Active vibration control of a beam instrumented with MWCNT/epoxy nanocomposite sensor and PZT-5H actuator, robust to variations in temperature

Abstract

Multi walled carbon nano tube (MWCNT)/epoxy nanocomposite strain sensor and piezoelectric actuator pair are used in active vibration control (AVC) of a smart cantilevered beam. Due to different coefficients of thermal expansion of MWCNT and epoxy, the resistance of carbon nanotube/epoxy based strain sensor changes nonlinearly with change in temperature. The temperature dependence of CNT based strain sensor is modelled by fitting a polynomial curve on the experimentally obtained characterization data of CNT/epoxy strain sensor. Using augmented constitutive equations of piezoelectricity, finite element model of smart cantilevered beam instrumented with collocated nanocomposite strain sensor and PZT-5H actuator is derived. Effect of temperature on PZT-5H actuator is also considered in derivation of the control law.
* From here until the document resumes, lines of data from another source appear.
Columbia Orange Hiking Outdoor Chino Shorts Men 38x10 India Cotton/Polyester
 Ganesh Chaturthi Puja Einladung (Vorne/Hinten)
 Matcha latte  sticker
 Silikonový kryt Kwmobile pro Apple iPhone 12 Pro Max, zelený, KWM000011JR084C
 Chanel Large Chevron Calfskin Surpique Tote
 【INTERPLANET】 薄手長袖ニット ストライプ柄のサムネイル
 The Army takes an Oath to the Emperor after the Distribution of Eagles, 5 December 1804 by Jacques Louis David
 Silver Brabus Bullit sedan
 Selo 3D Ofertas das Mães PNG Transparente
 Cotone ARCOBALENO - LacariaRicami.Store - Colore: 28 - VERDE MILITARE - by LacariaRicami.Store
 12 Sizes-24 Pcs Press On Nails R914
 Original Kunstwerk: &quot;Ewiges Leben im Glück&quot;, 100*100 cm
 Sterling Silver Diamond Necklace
Active vibration control of the first mode of a smart cantilevered beam instrumented with collocated CNT based strain sensor and PZT-5H actuator is performed at ambient temperature and at temperature slightly away from the ambient temperature for two cases: (1) without considering the temperature dependence of CNT composite strain sensor in Kalman observer and (2) considering the temperature dependence of CNT composite strain sensor in Kalman observer. Simulations are also performed to visualize the behaviour of smart beam when the beam is subjected to a temperature impulse. This paper suggests a novel AVC strategy using MWCNT/epoxy strain sensor and PZT-5H actuator patch that is robust to variations in temperature.